The lines in question are not only a problem for the English-speaking translator, they are confusing in the original French. The enjambement that Marot makes in these lines is an anomaly in this poem, and one that feels awkward given the tightness of the other lines. However, Marot might have intended this moment to grab the reader's attention, for the lines in question also contain a haunting speculative clause for a girl in poor health: "If you last, ..."

The pessimistic translator may be discouraged to know that this poem exists in possibly a hundred translations, none of them, of course, actually equaling the original. But I choose to think it a wondrous thing that any one poem so simple and short can, by the process of translation, undergo a sort of self-multiplication, producing a wide range of related poems in several languages – one begins to think of the poem as engenderer of its own small world, a deity, if you will, of its kind.

Here are several of Hofstader's translations and "translations," beginning with the initial crib. (As an aside -- I encourage anyone to call their significant other "My sweet cute one feminine" and giggle at the resulting facial expression.)

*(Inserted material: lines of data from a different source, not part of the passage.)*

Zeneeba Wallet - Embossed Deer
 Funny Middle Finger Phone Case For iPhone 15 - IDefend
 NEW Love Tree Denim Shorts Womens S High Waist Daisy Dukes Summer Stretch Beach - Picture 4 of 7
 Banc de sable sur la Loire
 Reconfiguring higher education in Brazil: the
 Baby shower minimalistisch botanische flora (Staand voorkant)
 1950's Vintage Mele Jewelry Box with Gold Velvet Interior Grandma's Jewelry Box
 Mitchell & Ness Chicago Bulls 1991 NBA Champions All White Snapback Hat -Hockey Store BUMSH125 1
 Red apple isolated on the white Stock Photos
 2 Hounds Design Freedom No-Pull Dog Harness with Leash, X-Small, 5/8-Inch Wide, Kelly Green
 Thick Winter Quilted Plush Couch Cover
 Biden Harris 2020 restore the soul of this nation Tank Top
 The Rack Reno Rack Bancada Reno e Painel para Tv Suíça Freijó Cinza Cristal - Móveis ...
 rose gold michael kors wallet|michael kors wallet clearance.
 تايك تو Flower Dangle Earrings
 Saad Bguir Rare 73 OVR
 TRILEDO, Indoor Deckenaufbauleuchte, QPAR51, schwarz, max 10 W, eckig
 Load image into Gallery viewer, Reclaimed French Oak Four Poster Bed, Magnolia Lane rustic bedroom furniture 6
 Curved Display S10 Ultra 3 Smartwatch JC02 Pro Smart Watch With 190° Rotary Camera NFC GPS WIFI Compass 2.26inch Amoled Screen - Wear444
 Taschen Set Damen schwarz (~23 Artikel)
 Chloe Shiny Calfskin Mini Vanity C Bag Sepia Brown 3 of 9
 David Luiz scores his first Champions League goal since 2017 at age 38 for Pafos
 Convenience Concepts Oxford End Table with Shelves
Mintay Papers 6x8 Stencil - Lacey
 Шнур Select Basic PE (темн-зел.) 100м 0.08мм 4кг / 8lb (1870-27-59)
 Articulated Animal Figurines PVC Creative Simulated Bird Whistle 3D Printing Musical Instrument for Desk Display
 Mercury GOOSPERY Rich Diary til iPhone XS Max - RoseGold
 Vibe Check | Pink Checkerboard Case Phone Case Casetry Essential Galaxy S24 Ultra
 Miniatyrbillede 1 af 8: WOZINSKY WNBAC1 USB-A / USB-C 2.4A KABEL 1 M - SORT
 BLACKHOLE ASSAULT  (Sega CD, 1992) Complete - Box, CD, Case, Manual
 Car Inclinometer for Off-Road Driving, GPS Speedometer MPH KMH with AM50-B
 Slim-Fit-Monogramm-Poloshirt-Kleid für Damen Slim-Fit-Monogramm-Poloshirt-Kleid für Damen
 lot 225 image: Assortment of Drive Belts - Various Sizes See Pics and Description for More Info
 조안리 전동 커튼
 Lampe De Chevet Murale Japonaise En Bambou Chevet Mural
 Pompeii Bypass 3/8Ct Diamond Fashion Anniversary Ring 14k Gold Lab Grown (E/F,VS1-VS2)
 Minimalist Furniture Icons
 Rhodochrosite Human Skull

1. My Sweet/Cute [One] (Feminine)

My sweet/cute [one] (feminine)
I [to] you (respectfully) give/bid/convey
The good day (i.e. a hello, i.e. greetings).
The stay/soujourn/visit (i.e. quarantine)
[It] is prison.
Cure/recovery/healing (i.e. [good] health)
Recover (respectful imperative)
[And] then open (respectful imperative)
Your (respectful) door,
And [that one (i.e. you (respectful)) should] go out
Fast[ly]/quick[ly]/rapid[ly],
For/because Clement
It (i.e. thusly) [to] you (respectful) commands/orders.
Go (familiar imperative), fond-one/enjoyer/partaker
Of your (familiar) mouth,
Who/which herself/ himself/itself beds (i.e. lies down)
In danger;
For/in-order-to eat
Jams/jellies/confectionery.
If you (familiar) last (i.e. stay/remain)
Too sick/ill,
[A] color pale/faded/dull
You (familiar) will take [on],
And [you (familiar)] will waste/lose
The plumpness/stoutness/portliness (i.e. well-fed look).
[May] God [to] you (familiar) give/grant
Health good,
My sweet/cute [one] (feminine).

2. To a Sick Damsel


My sweet,
I bid you
A good day;
The stay
Is prison.
Health
Recover,
Then open
Your door,
And go out
Quickly,
For Clément
Tells you to.
Go, indulger
Of thy mouth,
lying abed
In danger,
Off to eat
Fruit preserves;
If thou stay'st
Too sick
Pale shade
Thou wilt acquire,
And wilt lose
Thy plump form.
God grant thee
Good health,
My sweet.

3. My Sweet Maid

My sweet maid,
You I wish
A good day;
Your sickbed
Is a jail.
Total health
Please regain,
Then unlatch
Your room's door,
And go out
With full speed,
For Clement
Does insist.
Go, gourmand,
Thou whose mouth
Lies abed
Under threat,
Off to eat
Fruit preserves;
If thou stay'st
Sick too long
A pale shade
Wilt acquire,
And wilt lose
Thy round shape.
May God grant
Thee good health,
My sweet maid.

4. My small princess

My small princess, I send you a warm hello. Your stay in bed has been like a term in prison. Uncle Clement urges you to recuperate, and to get out of there soon. You've always loved sweets, so don't let being bed-ridden stop you from indulging – have some jam! And don't stay sick too long, because you'll get ghostly pale and start looking like skin and bones. God will surely bring you back to good health, my small princess.

5. Touchstones
("a pattern of words telegraphic... a chain of keys to its message will reveal what mustn't be skipped')

Vous: Cuteness; hail. Quarentine; cure. Egress; speed. Clément; insistence.
Tu: Epicurism; threat. Appetite; jams. Pallor; gauntness. Prayer; cuteness.